Information supplied:
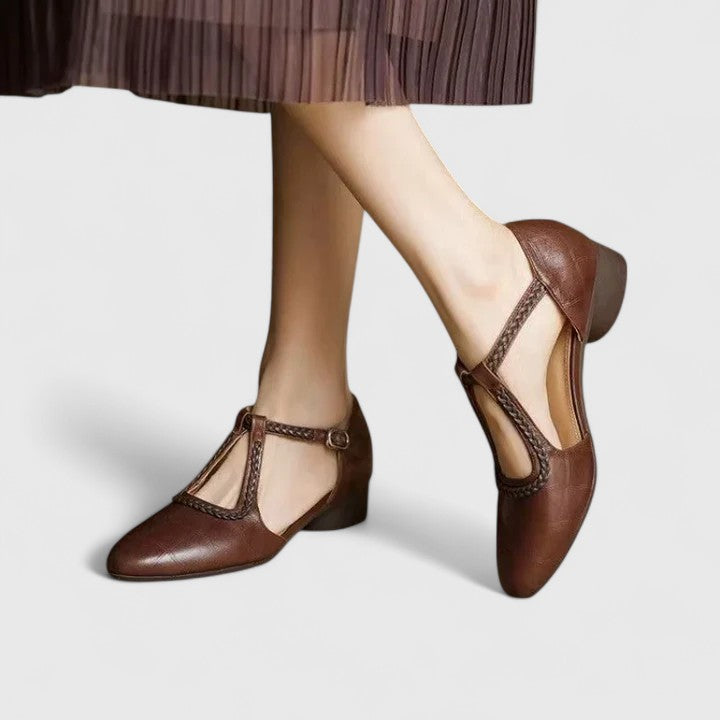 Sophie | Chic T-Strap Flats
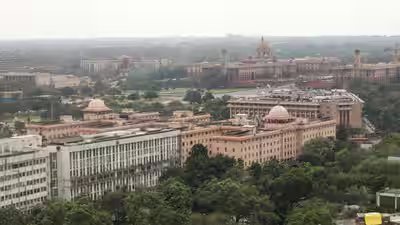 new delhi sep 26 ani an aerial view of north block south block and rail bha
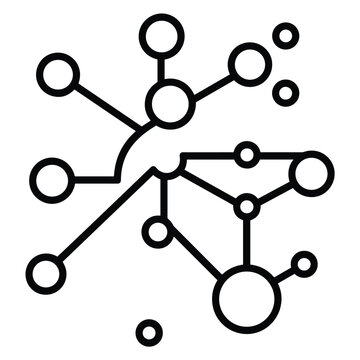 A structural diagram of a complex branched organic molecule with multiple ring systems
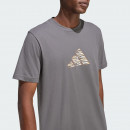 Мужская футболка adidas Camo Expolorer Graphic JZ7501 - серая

What to do:
Take the preceding listing and transcribe it exactly, skipping the pictures.

Output below:
 Sophie | Chic T-Strap Flats
 new delhi sep 26 ani an aerial view of north block south block and rail bha
 A structural diagram of a complex branched organic molecule with multiple ring systems
 Мужская футболка adidas Camo Expolorer Graphic JZ7501 - серая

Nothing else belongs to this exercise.